<<<<
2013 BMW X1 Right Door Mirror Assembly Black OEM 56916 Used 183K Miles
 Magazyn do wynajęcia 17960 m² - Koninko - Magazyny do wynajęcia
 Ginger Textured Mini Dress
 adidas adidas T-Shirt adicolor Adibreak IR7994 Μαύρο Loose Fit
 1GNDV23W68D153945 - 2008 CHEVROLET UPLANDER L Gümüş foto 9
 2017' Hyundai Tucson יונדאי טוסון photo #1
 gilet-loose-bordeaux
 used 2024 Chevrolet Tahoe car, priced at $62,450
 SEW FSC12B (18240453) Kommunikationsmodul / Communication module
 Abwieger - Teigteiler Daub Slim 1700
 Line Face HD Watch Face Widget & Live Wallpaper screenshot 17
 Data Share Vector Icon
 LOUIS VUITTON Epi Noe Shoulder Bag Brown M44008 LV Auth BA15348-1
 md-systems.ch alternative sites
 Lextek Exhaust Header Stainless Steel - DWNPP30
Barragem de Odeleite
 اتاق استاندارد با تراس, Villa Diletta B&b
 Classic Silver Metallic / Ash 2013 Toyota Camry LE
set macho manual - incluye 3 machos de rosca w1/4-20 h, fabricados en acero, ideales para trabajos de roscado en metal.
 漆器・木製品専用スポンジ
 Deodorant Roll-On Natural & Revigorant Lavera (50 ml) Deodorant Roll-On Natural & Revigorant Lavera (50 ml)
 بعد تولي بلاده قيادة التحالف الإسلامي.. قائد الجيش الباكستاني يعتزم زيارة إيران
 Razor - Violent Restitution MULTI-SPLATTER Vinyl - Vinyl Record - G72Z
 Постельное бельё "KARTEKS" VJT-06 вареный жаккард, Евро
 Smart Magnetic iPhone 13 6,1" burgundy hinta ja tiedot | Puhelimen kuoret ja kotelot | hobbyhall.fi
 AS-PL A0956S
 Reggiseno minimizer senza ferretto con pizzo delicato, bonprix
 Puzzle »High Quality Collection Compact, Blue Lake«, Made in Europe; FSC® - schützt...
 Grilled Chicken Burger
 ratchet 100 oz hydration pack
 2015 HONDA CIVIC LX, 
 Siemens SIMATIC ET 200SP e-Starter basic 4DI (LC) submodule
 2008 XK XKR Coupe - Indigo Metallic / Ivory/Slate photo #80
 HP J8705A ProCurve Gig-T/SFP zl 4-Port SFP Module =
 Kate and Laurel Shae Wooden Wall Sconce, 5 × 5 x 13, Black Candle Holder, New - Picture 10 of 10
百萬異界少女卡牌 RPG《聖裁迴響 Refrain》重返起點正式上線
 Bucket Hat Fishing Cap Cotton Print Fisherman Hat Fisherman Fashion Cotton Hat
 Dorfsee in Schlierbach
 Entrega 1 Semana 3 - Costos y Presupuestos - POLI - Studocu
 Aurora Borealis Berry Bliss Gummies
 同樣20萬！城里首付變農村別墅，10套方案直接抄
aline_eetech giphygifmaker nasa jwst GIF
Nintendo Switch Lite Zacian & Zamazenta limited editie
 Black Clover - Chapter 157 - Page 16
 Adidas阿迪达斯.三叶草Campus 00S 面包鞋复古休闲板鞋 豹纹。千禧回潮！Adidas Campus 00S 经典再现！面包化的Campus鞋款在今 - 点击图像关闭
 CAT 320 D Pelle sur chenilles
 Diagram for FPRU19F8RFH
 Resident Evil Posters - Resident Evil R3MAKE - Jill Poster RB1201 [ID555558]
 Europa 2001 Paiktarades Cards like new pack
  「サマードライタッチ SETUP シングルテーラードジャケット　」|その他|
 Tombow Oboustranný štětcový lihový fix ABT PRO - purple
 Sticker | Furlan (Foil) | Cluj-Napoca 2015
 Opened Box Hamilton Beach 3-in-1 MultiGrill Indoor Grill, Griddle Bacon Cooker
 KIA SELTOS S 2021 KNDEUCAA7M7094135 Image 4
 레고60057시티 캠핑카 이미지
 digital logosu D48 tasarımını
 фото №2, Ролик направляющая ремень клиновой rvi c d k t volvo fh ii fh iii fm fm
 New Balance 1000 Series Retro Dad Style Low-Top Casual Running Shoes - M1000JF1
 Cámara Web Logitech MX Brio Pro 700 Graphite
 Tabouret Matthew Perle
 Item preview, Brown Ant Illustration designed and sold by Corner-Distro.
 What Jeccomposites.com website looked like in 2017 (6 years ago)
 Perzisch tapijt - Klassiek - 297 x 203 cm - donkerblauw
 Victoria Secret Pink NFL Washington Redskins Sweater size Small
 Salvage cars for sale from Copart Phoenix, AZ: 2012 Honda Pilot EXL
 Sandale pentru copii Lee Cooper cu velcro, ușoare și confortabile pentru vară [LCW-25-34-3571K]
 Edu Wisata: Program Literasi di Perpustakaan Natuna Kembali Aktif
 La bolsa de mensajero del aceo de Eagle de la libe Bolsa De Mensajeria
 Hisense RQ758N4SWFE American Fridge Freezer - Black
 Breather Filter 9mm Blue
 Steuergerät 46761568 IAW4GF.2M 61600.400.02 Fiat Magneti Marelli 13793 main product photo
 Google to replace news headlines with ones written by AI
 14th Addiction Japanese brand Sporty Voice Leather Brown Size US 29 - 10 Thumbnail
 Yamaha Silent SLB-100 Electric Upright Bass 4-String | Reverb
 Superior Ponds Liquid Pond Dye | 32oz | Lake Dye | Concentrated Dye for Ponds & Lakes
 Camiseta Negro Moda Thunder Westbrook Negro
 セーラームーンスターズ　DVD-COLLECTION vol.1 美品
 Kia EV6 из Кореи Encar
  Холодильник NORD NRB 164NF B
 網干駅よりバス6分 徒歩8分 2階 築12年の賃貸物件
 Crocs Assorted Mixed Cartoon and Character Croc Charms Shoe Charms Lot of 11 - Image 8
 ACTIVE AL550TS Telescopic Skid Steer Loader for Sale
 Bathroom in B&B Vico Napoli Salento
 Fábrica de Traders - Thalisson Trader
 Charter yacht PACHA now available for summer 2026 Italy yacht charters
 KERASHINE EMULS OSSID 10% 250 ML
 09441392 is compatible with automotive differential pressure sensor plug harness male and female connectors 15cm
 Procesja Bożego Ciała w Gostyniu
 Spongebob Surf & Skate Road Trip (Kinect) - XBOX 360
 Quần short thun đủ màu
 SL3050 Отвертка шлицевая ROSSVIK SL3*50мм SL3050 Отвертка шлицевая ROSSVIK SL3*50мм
>>>>
▶ [Exercise brief]: Report each line in the data that holds the word "Image".

▶ [Reply]:
 KIA SELTOS S 2021 KNDEUCAA7M7094135 Image 4
 Crocs Assorted Mixed Cartoon and Character Croc Charms Shoe Charms Lot of 11 - Image 8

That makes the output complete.